Прорва – царство ив с выжженными молнией стволами. Во время ветра берега Прорвы тонут в серебристом, свинцовом блеске: то сверкает под солнцем изнанка ивовых листьев, как бы сбрызнутая серой росой. Старые ивы подымают над этим шумящим живым серебром тяжелые кущи черной листвы и роняют с нее в траву зеленых гусениц с оранжевыми пятнами на теле. Шиповник цветет в непролазных зарослях, от него тянет едва уловимым дыханием роз. Зонтичные травы теснятся по крутоярам, и повилика, ромашка и цикорий прорываются сквозь цепкие сети ежевики.
Стволы ив изогнуты столетними ветрами, завязаны в узлы и высушены солнцем. Они низко нависают над омутами и зарослями хвоща и стрелолистника. В засохших лишаях на ивовой коре живут тысячи красных божьих коровок. Они падают при каждом порыве ветра на листья кувшинок в темную воду, где тихо ходят стаи голубых го-ловлей.
А ночью на Прорве особенно темно от ив, звезды не могут прорваться сквозь их густую листву, и только на далеком берегу, за озером Хотец, дымят костры – там мальчики стерегут лошадей, согнанных в ночное. Среди ночи над лесами разгорается мутный, тяжелый пожар: подымается луна, и ее багровый свет обнаруживает на небе гряды редких и неподвижных облаков.
Тишина стоит под шатрами ив – не слышно даже плеска воды о прибрежные корни, – тишина такая глубокая, что первая капля дождя, если он начинается ночью, бьет о полотнище палатки, как отвесный камень.
Изредка где-то в гуще ночи прокричит на Оке пароход, и если долго прислушиваться, то можно услышать тяжелый плеск пароходных колее.
В деревнях за Окой: в Окоемове, Богослове, Новоселках – все спит, нет огней, и только по многоголосому крику петухов можно догадаться, что где-то недалеко есть человеческое жилье.
На Прорве живет паромщик Степан – одноглазый сердитый старик, враль и корзинщик. Весь день он сидит у воды и плетет кошелки из ивовых прутьев, окруженный острым и терпким запахом молодой ивовой коры.
Если подвернется прохожий человек, то Степан, раньше чем перевезти его через Прорву, расскажет несколько баснословных историй о том, что Прорва соединяется с морем подземной трубой и что в Прорве живет щука с телячьей мордой.
Но так как прохожих людей мало, то Степан весь день бормочет и спорит сам с собой.
– Не-е-ет, милай, – говорит он хитро и сплевывает вводу, – как ты ни чеши языком, а колхоз не умреть!
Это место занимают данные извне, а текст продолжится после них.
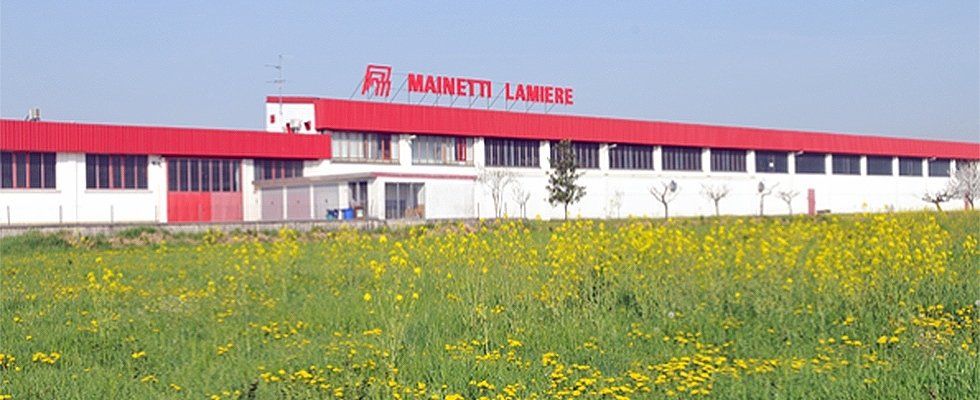 mainetti lamiere snc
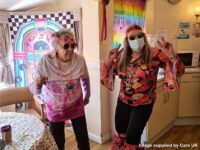 High Wycombe care home selected as a finalist for a national award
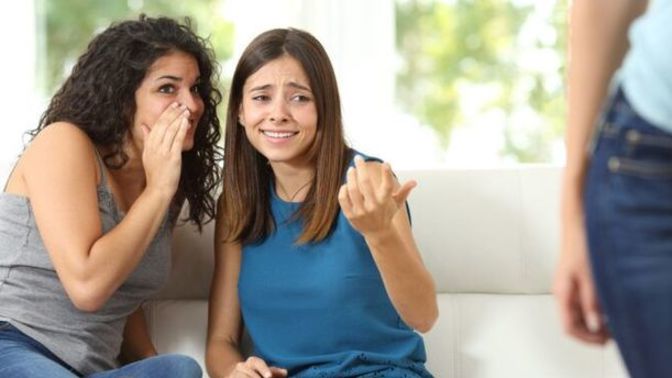 What is female competition like?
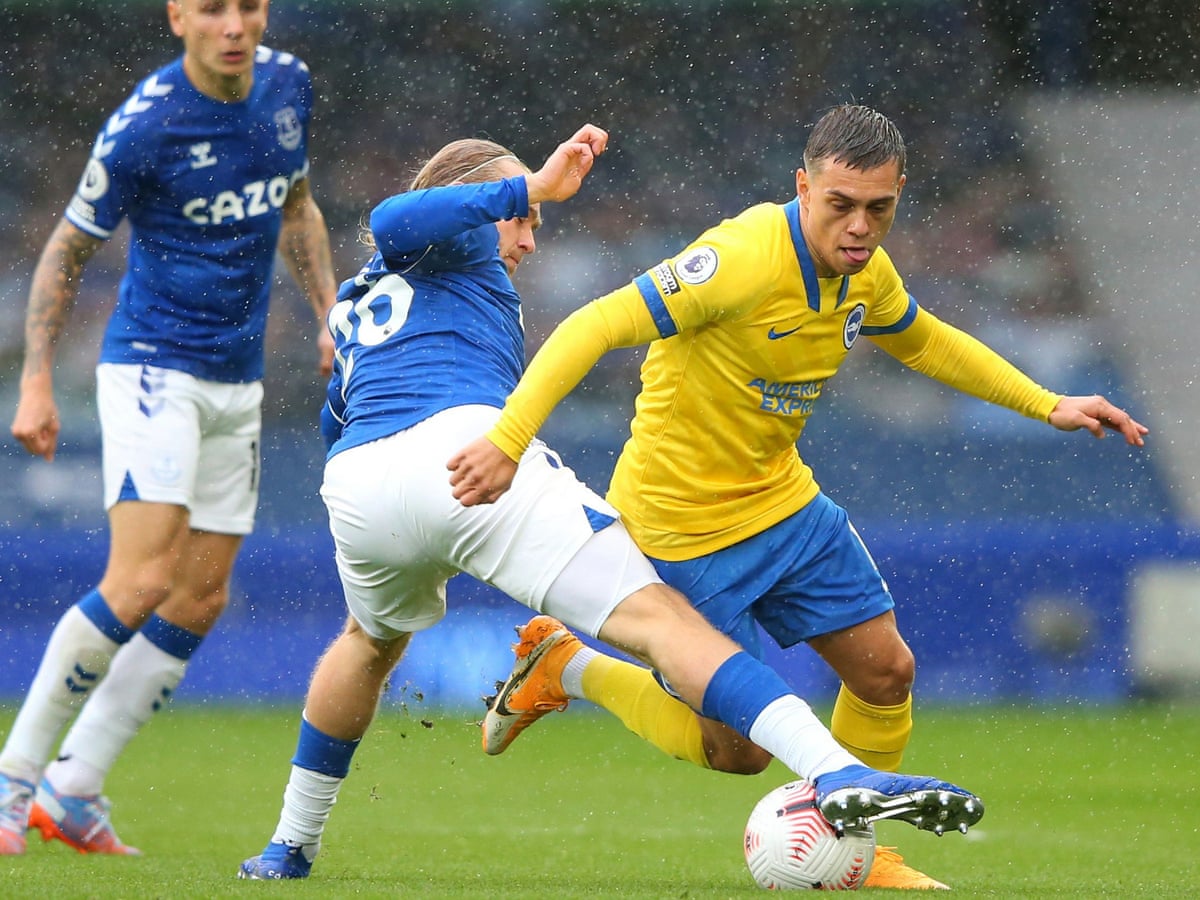 Everton V Brighton Football League Updates And More Live Football The Guardian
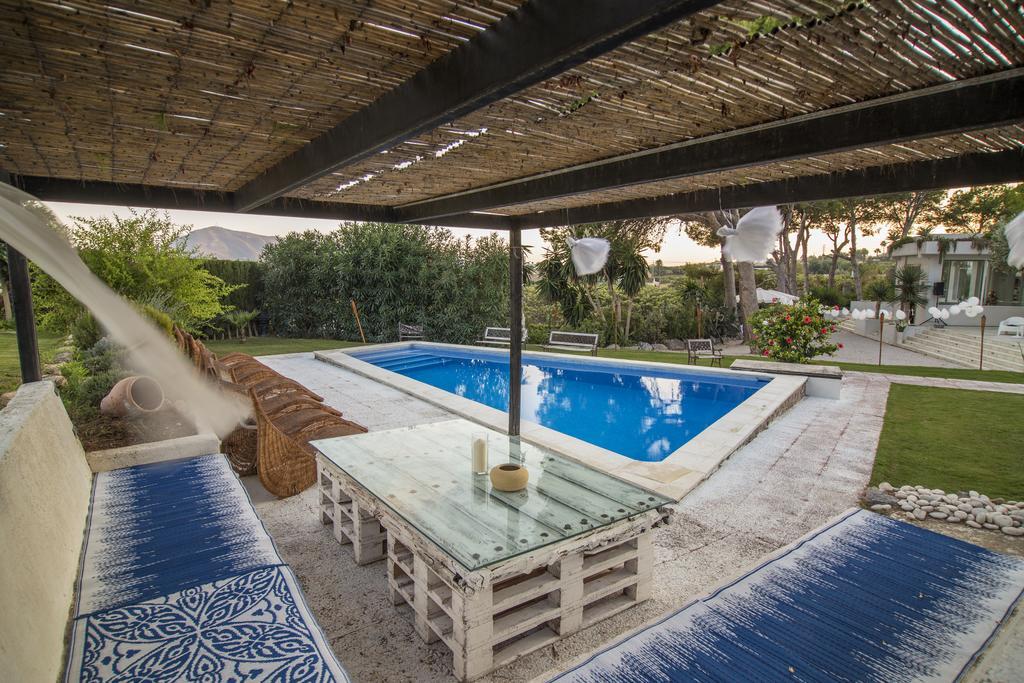 Mimar Altea Villa L Bagian luar foto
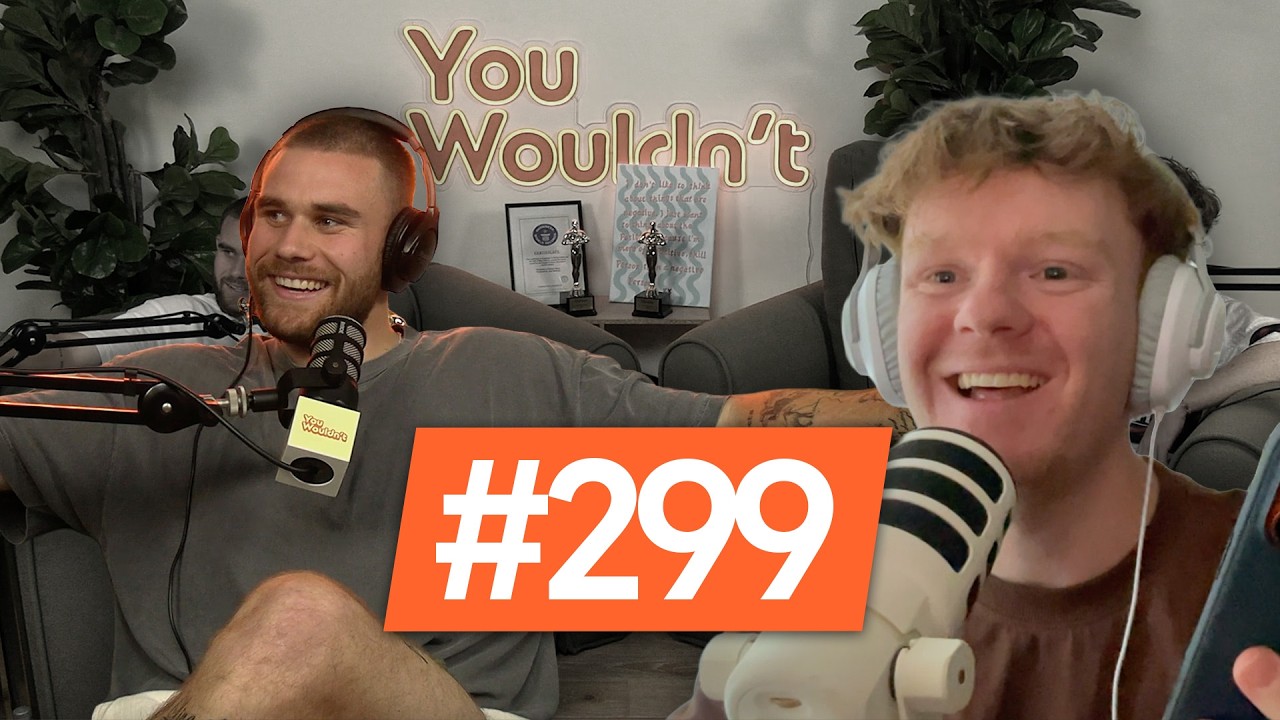 EP 299 - Will Is Positive Now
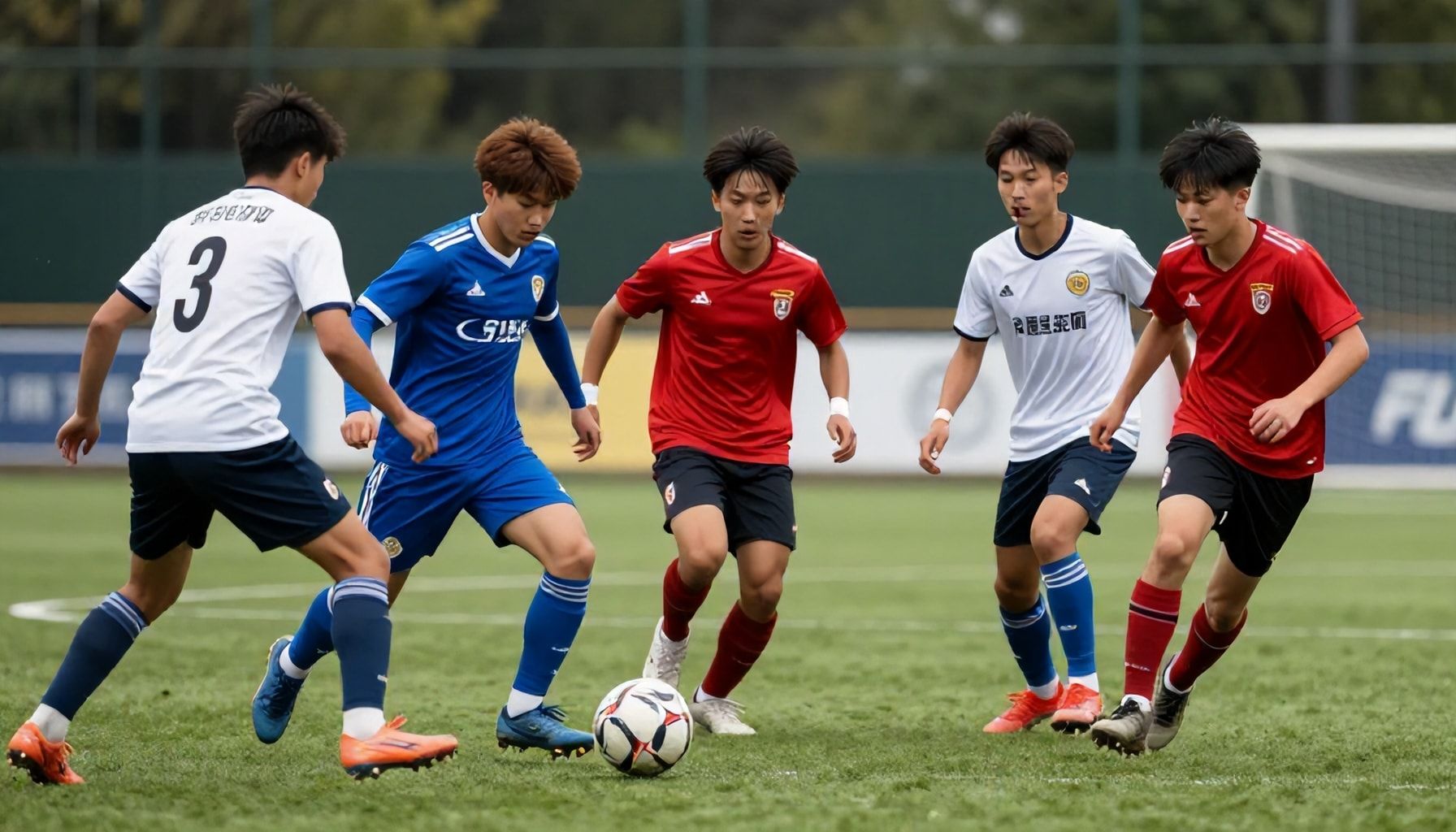 Researchers uncover selfish behaviour in five-a-side football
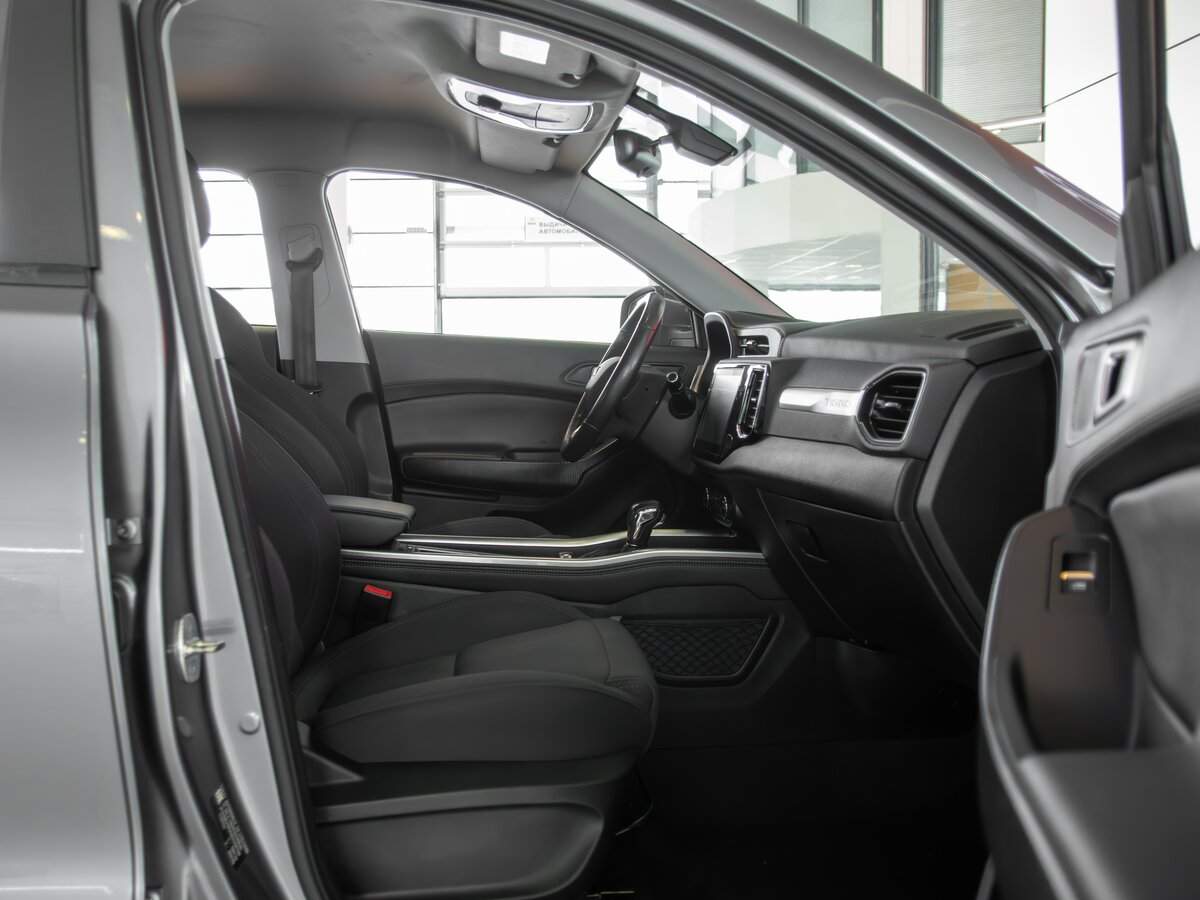 Б/У Чери Тигго 4 2021 года. Фото: #17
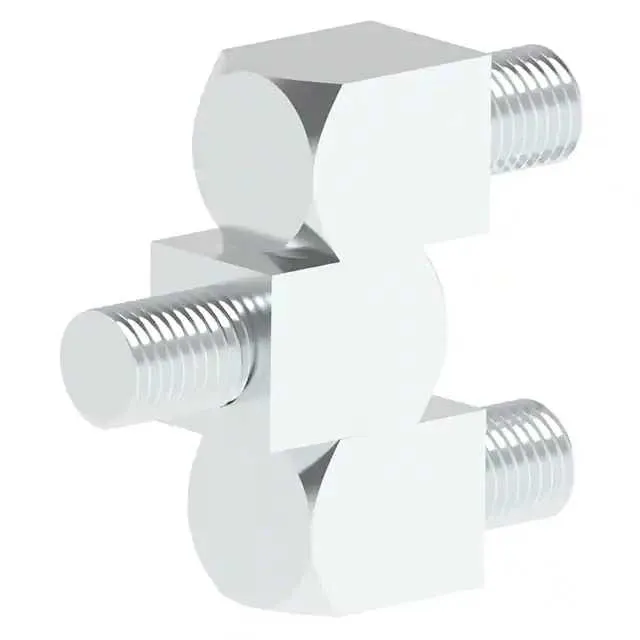 09134 (SIDE MOUNTED HINGE BRASS CHROME)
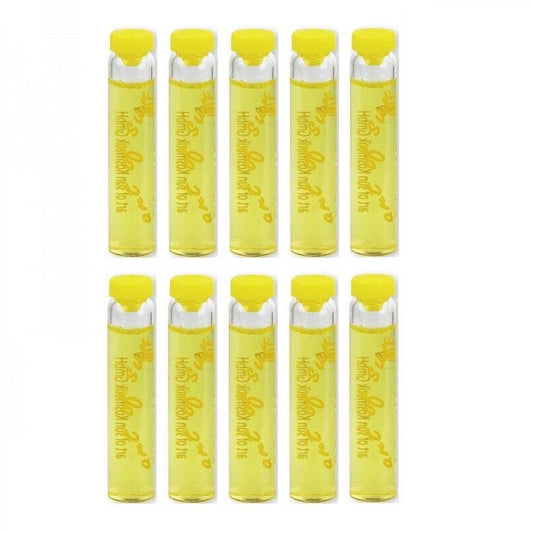 10x Art of Sun Platinum Emulsion - facial ampoule 2ml each = 20ml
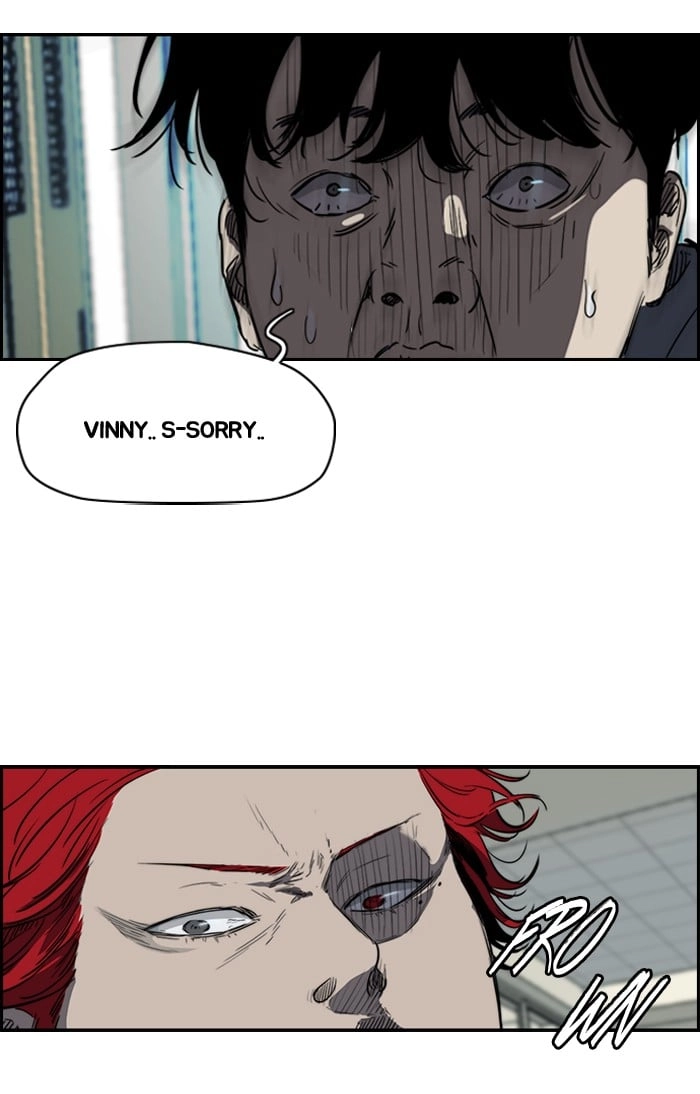Wind Breaker Chapter 172, page 31 of 70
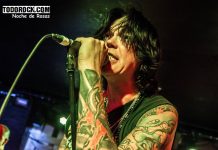 Fotos de Jaded Heart + Another You en Madrid | 23 de septiembre 2018 Jaded Heart en España: todos los detalles de la gira que arranca ya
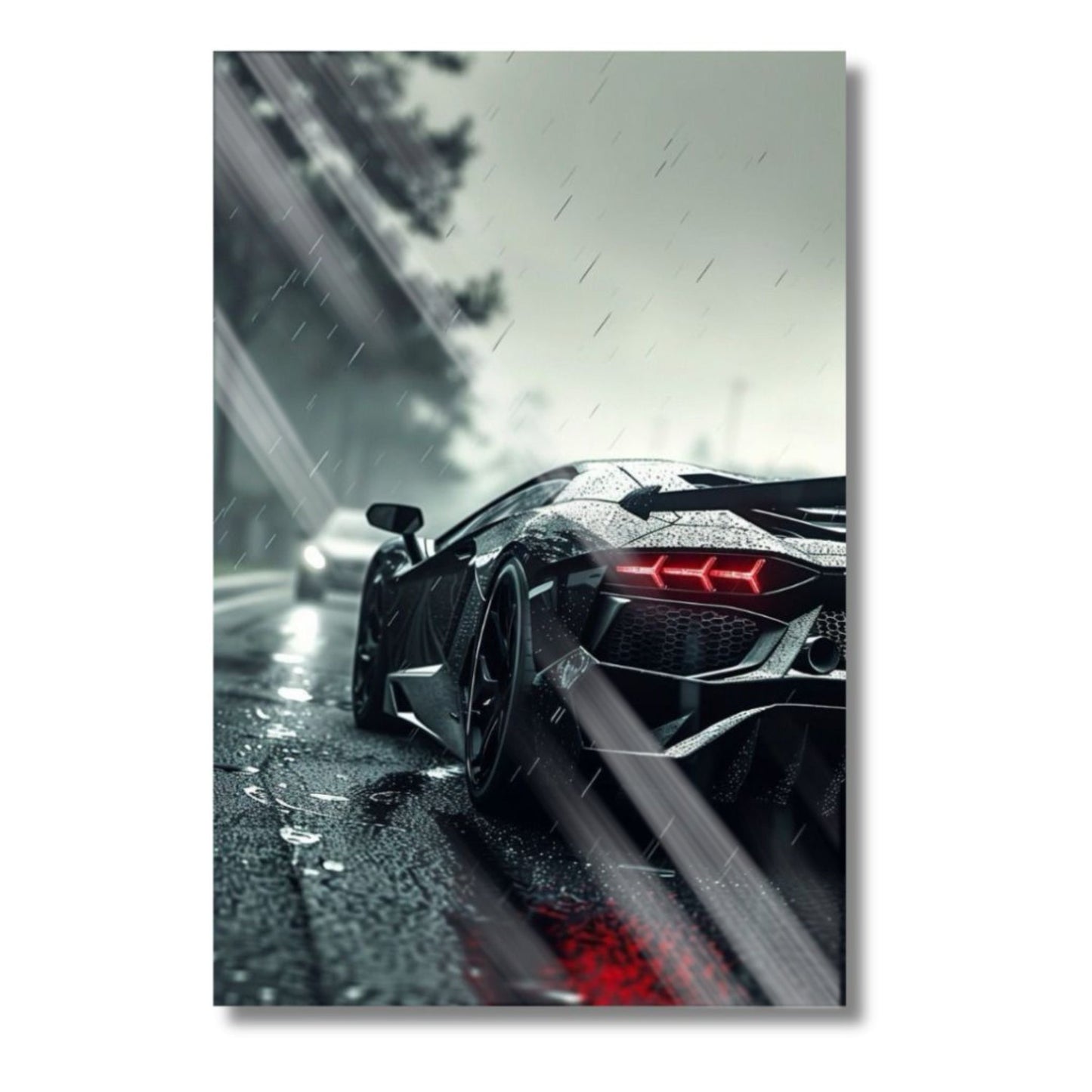 Black Lambo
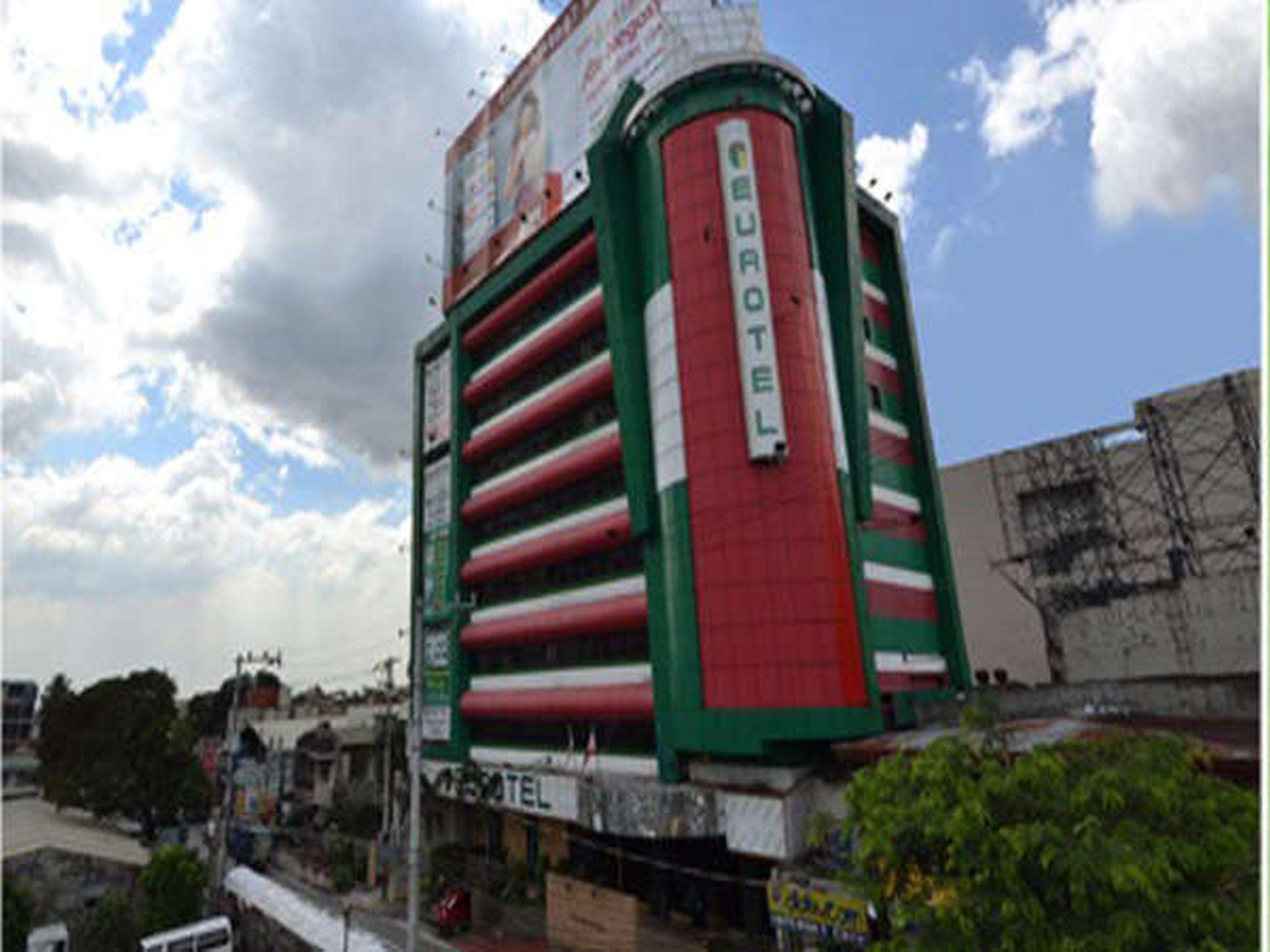 Eurotel North Edsa Ciudad Quezon Exterior foto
Нет ему нужды помирать: он навеки поставлен. Не умреть!
С бабами Степан разговаривает коротко и сурово.
– Надысь, – жалуется баба, – натерпелась я страху. Иду из Рязани по-над Окой, а на берегу лежат голые отдыхающие, калятся на солнце. Нешто можно!
– На пясках? – строго спрашивает Степан.
– Чего?
– На пясках лежат, спрашиваю?
– Известно, на пясках.
– На пясках можно, – коротко решает Степан, и баба успокаивается.